The Galactic Center in the MeV range

The Galactic Centre harbours the closest supermassive black hole to Earth and is therefore a fundamental laboratory to understand the physics of these objects and their interaction with their environment. An emission coincident with the Galactic Centre position is observed all over the high-energy domain and understanding its origin is crucial. Because of the extreme density of potential high-energy emitters in the region a good angular resolution is mandatory.

The Galactic Centre region is also the site of intense star formation and particle acceleration. There is now good evidence that the central 200 pc are pervaded by low-energy cosmic rays thanks to H3+ measurements.

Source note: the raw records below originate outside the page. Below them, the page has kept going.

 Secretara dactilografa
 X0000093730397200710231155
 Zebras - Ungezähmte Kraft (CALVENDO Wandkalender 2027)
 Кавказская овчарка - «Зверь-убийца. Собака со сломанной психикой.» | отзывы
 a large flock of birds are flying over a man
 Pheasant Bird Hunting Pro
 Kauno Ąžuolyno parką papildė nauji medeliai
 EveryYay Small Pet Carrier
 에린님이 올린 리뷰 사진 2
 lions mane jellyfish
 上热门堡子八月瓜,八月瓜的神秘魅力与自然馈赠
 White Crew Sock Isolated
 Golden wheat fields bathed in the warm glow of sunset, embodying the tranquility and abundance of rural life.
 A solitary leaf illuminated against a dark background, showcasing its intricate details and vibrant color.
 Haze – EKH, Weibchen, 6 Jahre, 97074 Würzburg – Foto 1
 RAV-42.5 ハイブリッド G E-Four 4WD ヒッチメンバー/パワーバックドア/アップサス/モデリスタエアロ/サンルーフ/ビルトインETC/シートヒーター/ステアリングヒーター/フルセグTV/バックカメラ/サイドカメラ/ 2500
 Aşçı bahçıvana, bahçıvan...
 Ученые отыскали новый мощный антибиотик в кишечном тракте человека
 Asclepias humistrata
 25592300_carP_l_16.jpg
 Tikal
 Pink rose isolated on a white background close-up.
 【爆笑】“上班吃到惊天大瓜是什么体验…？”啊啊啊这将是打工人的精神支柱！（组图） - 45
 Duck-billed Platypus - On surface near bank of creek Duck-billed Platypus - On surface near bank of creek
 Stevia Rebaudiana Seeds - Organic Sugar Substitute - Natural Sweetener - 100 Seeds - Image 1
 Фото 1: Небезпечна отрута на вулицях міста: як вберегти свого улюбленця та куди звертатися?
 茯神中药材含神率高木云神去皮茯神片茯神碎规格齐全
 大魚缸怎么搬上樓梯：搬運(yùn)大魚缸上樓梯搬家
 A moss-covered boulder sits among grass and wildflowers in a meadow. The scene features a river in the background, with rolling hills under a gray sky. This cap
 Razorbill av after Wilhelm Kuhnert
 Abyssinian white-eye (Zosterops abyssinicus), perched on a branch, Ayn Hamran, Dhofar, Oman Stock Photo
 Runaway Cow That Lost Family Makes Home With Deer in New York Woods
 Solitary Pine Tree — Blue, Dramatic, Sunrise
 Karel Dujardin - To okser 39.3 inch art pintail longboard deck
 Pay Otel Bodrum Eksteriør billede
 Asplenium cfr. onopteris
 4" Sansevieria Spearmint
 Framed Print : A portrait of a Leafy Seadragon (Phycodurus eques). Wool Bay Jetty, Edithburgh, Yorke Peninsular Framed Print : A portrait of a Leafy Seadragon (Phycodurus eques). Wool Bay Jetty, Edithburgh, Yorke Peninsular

The measurement of the sub GeV cosmic-ray content can then be performed thanks to possible nuclear excitation lines and by separating the hadronic and leptonic contributions with spectral measurements in the range of tens of MeV. For the latter point, in the absence of clear spectral signatures, a good angular resolution is important to really separate diffuse processes from individual objects.


The Galactic Centre as observed with IBIS/ISGRI on board INTEGRAL. The angular scale of this image is about 2.5° x 1.5°. Credit: G. Bélanger (CEA Saclay) et al.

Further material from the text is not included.